Bo Colen has never been afraid to think outside the box. As a Recording Arts student at Full Sail, he found himself intrigued with filmmaking just as much as he enjoyed the world of music and recording studios, and would often sneak into other classes to absorb information from the Film degree program.
And after subsequent years of assuming various job titles in the production/post-production side of the film industry (as a screenwriter, engineer, camera operator, and production manager, to name a few), Bo has once again leaped into another realm of the business. As creative executive for Paramount Home Entertainment Global, Bo’s part of a small team that leads the creative design of all of Paramount’s International releases, overseeing the packaging and artwork for movie promotional campaigns and DVD/Blu-ray releases for films such as Watchmen, Tropic Thunder, and Star Trek. “What is released domestically in the United States can wildly vary from International territory to territory. Watchmen alone has four variant Key Art layouts. The Blu-ray that you buy in the UK will look vastly different from the US. This allows Paramount to market globally to the different tastes and aesthetics of varies countries and cultures.” explains Bo.
“My career has definitely taken a left turn. I’ve pretty much worked in every end of entertainment, with years and years of experience in production and post, so this is kind of the last step,” Bo says. “It’s been really interesting for me to see how studios market things and the amount of time, money, and energy that really goes into that process. It’s not really happenstance that just a few months ago you couldn’t turn around without seeing a Watchmen advertisement.”
With such a rich catalog of titles and projects in his workload, every day brings a new challenge and experience for Bo. In addition to working with theatrical releases, Bo oversees the Paramount catalog re-releases into the new Blu-ray format. “To coincide with the latest Friday the 13th film, we re-released the catalog and I worked on redesigning the artwork for the original films. It was a lot of fun, because we were creating an entire line look for eight films,” he says. “We get a lot of creative license. We’ve been redoing some other older projects that have lead me to dig through Paramount’s vaults, touching archive items that have been sitting around for 25 years, and then working with a design agency to do something completely new and different.”
“With a title as old as Friday the 13th, what we find in the vault is all we’ve got to work with; if something’s not there, it’s not there, and then we have to fake it or make it up. Back in the 1970s, studios obviously weren’t thinking of home entertainment while they produced movies,” he continues. “It’s vastly different from how things are done today. When a film is greenlit, especially if it’s a big title like G.I. Joe or Transformers, they go into pre-production knowing that they’ve got to pony up with the extra content.”
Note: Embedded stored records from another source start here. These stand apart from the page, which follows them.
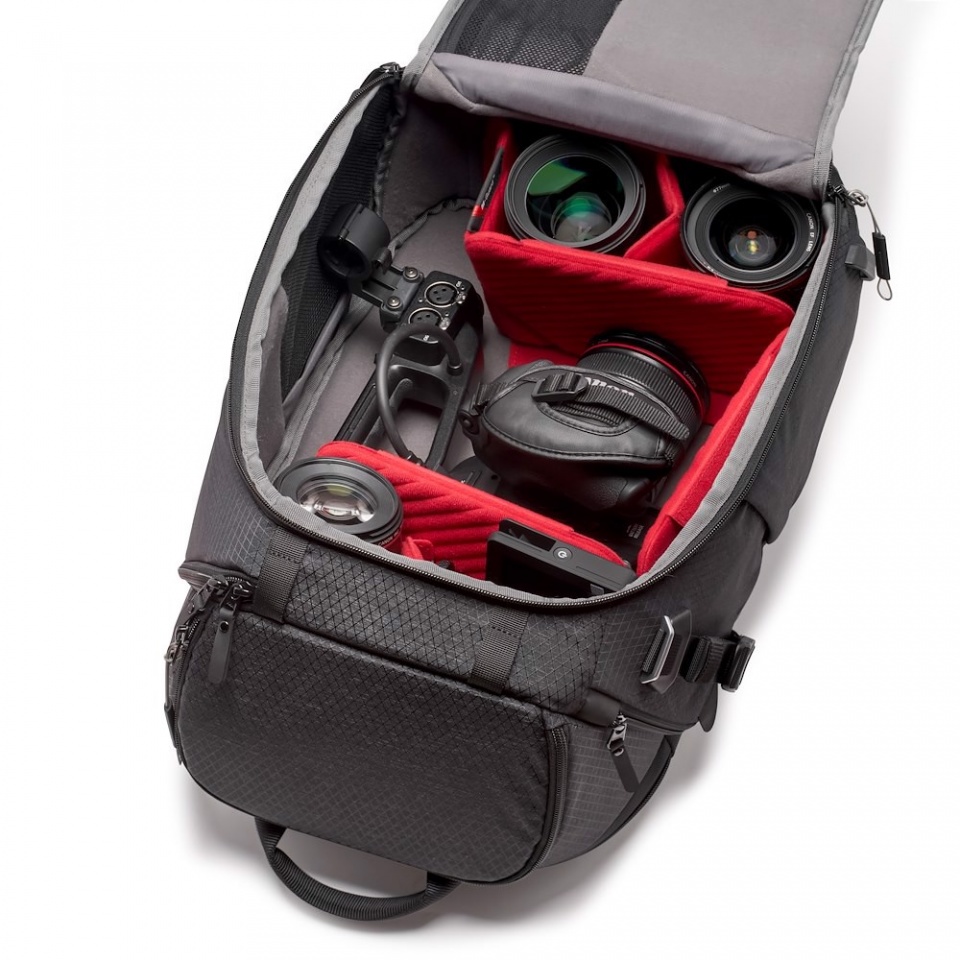Manfrotto Pro Light Multiloader Camera Backpack M
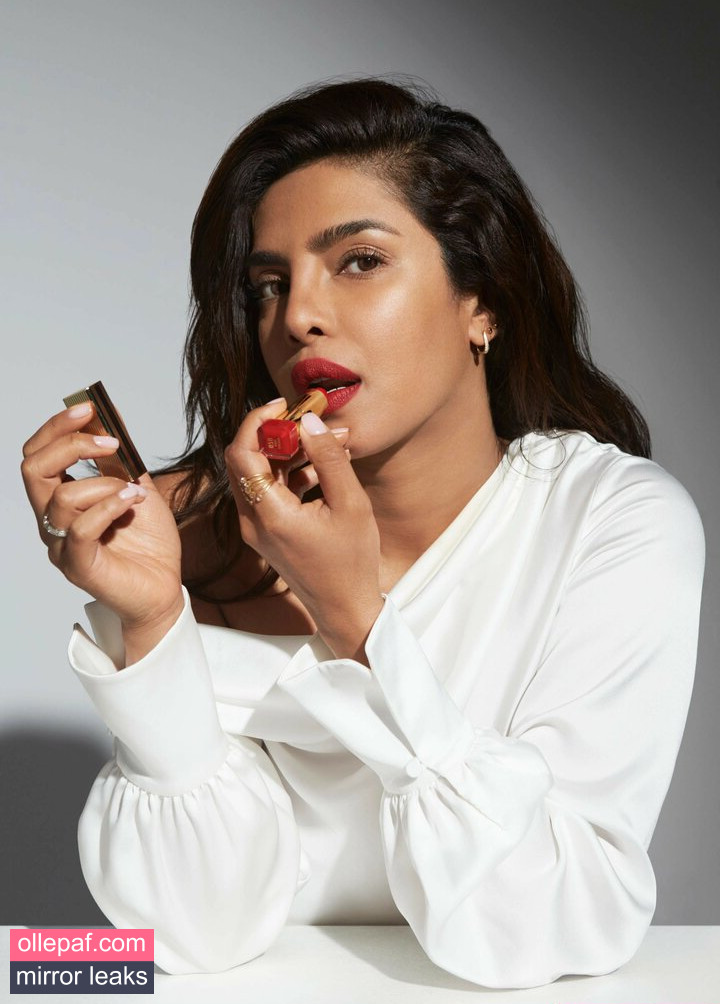 Priyanka Chopra Nude Leaks OnlyFans #5 - Fapello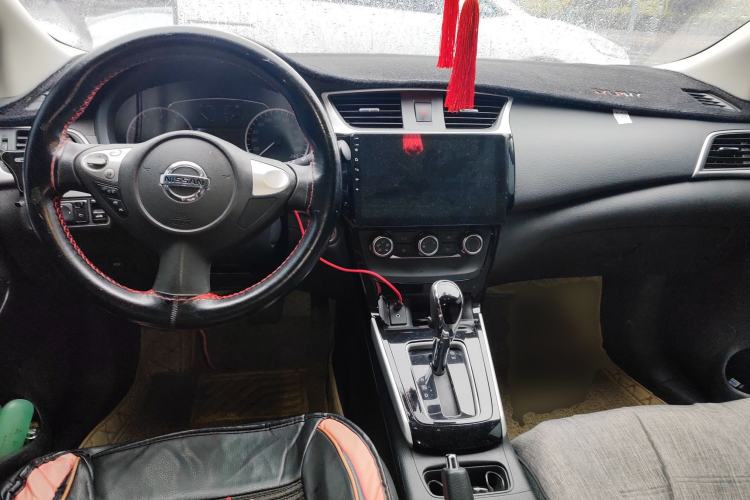 Used Nissan Sylphy 2016 1.6XV CVT Smart Enjoyment Version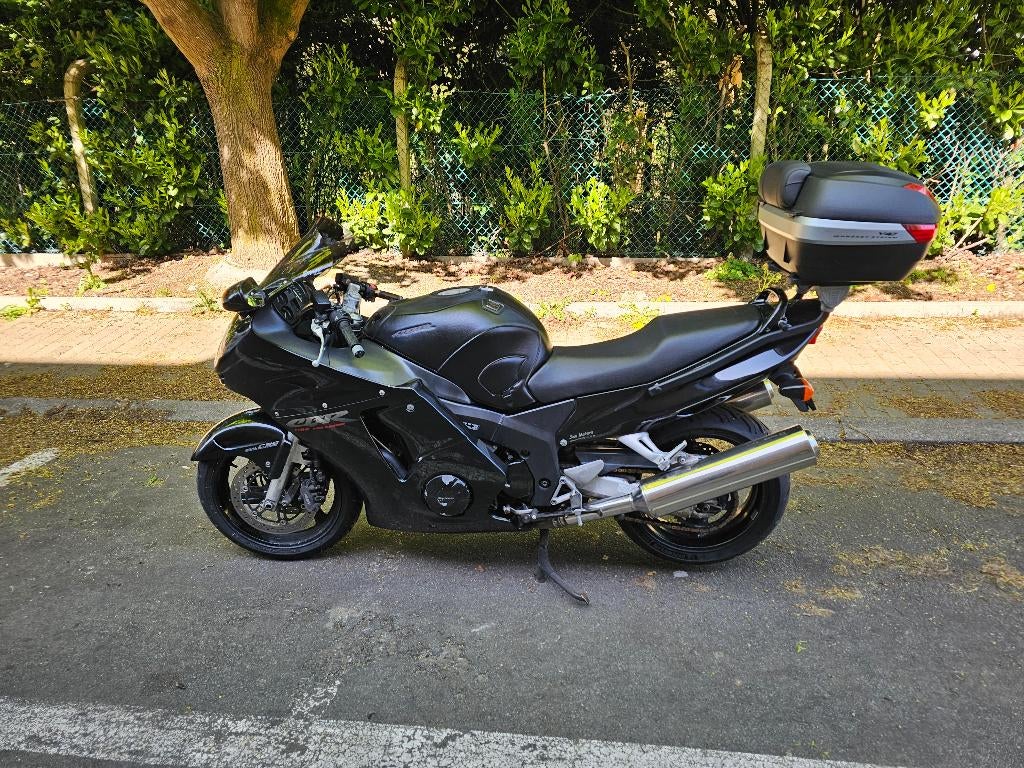 Honda cbr 1100 xx super blackbird, Motoren, Motoren | Honda, Occasion, 4 cilinders, Motorrijbewijs A, Meer dan 35 kW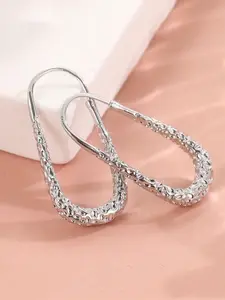 Hoop Earrings, High Quality Earrings, Fashionable Earrings for Women & Girls, Trendy All-match & Exquisite Jewelry for Birthday Gift, Fashionable Jewelry Accessories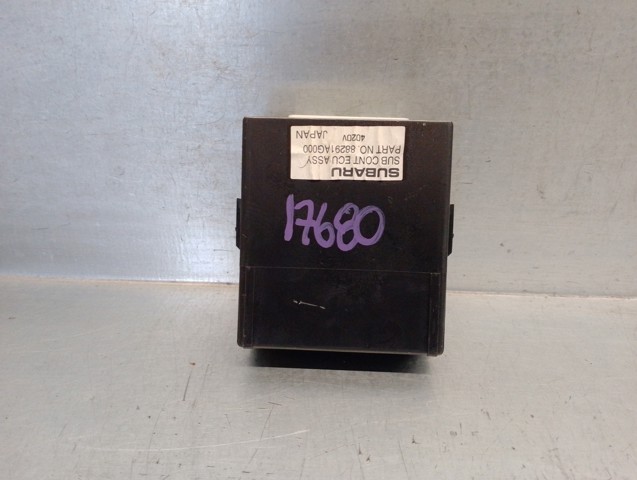 88291AG000 Subaru 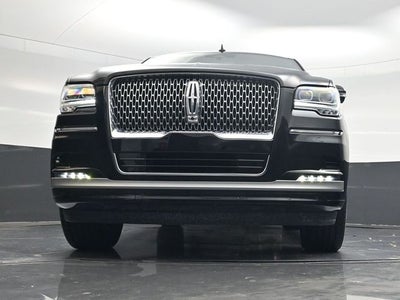 2024 Lincoln Navigator L Premiere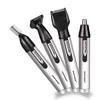 SPORTSMAN SM-418 Men's Electric Nose, Eyebrow, and Sideburn Trimmer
It may be a different world than what he was used to from his years behind the camera, but Bo loves every minute of it. “Sometimes I’m working more analytically than I am creatively, but I always switch gears so I can keep things moving,” he says. “It’s really engaging, especially after working on the front-end of things for so long – it’s kind of nice to be working back here and handling the finished project, instead of dealing with all the stresses that come with production. Every day is different, and it never gets old.”